_GIVEN MATERIAL_
= Beginning of Section =

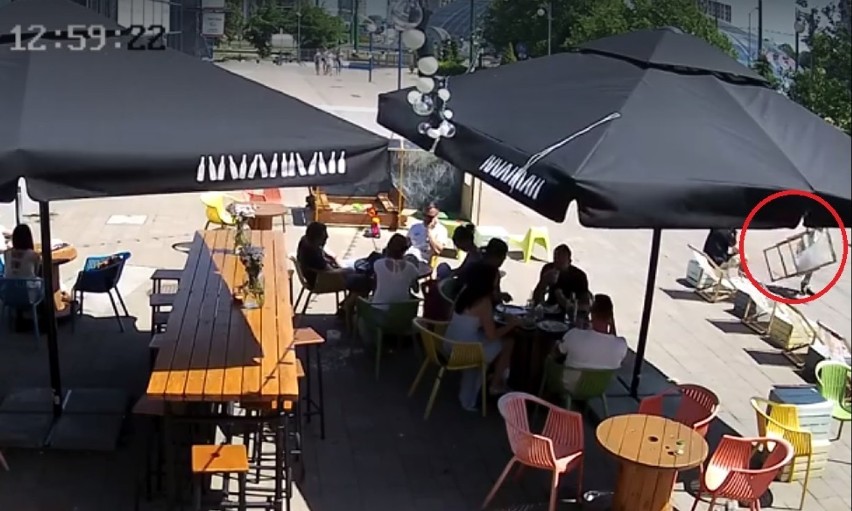 Katowice: Złodzieje w biały dzień ukradli leżak z kawiarni [WIDEO]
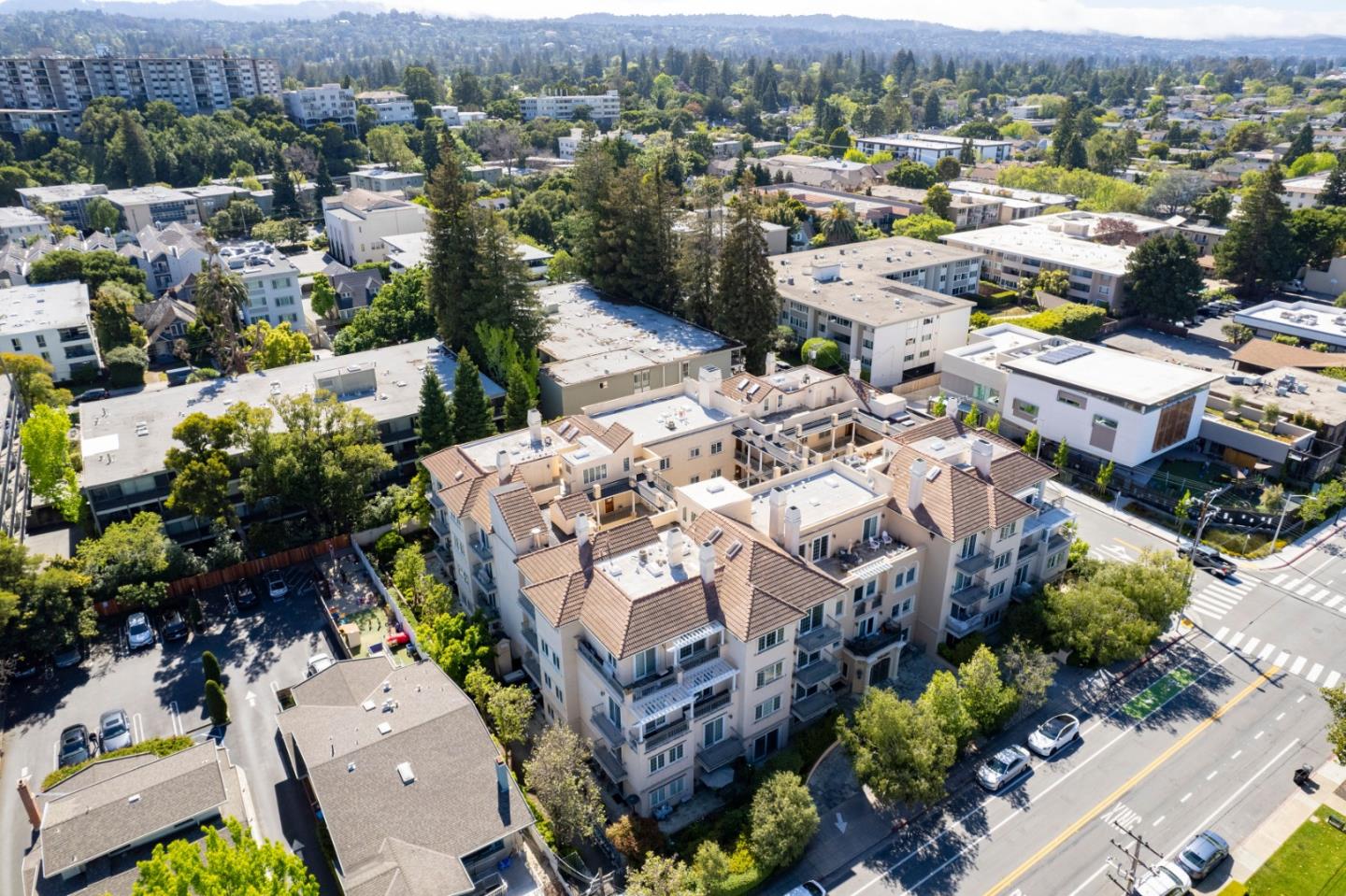 Detail Gallery Image 55 of 60 For 153 N. San Mateo Dr #204,  San Mateo,  CA 94401 - 2 Beds | 2 Baths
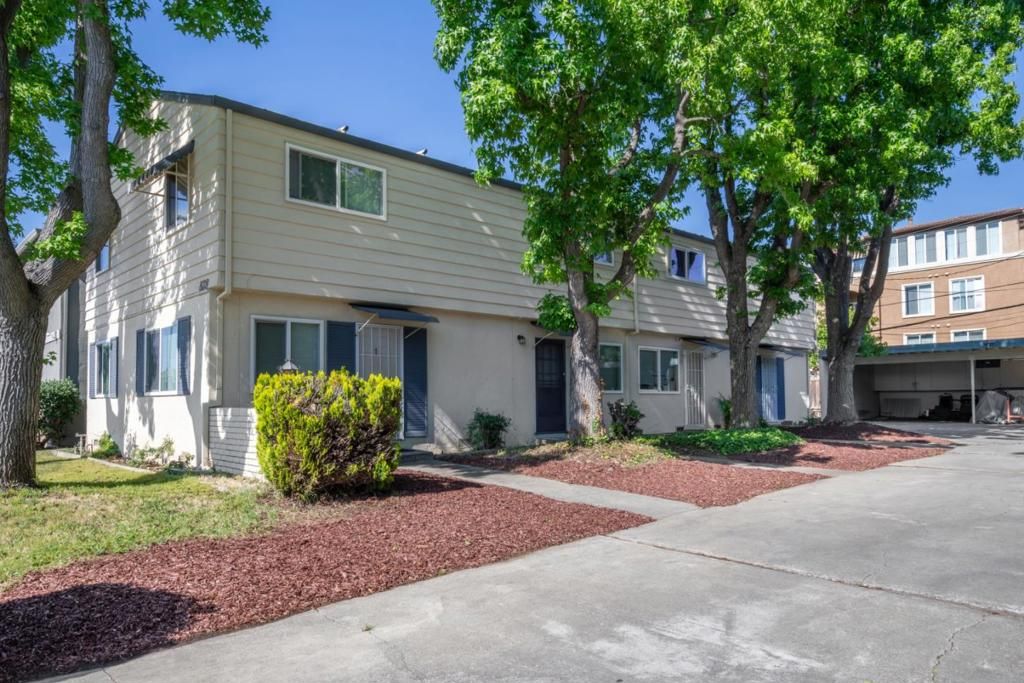 Image 37 of property listing at 828 Opal Drive, San Jose, CA 95117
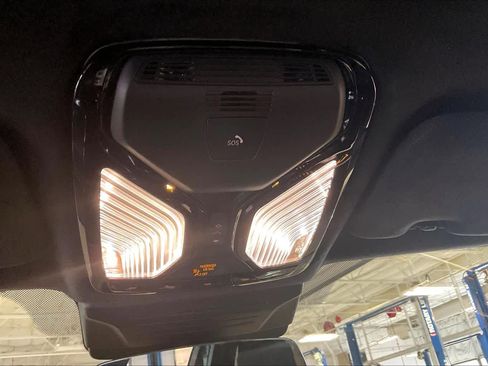 Used 2026 BMW X7 xDrive40i image 35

= End of Section =

_TRY IT_
Reproduce the data above without a single change, please, but without its pictures.

_ANSWER FOR THIS EXERCISE_
 Katowice: Złodzieje w biały dzień ukradli leżak z kawiarni [WIDEO]
 Detail Gallery Image 55 of 60 For 153 N. San Mateo Dr #204,  San Mateo,  CA 94401 - 2 Beds | 2 Baths
 Image 37 of property listing at 828 Opal Drive, San Jose, CA 95117
 Used 2026 BMW X7 xDrive40i image 35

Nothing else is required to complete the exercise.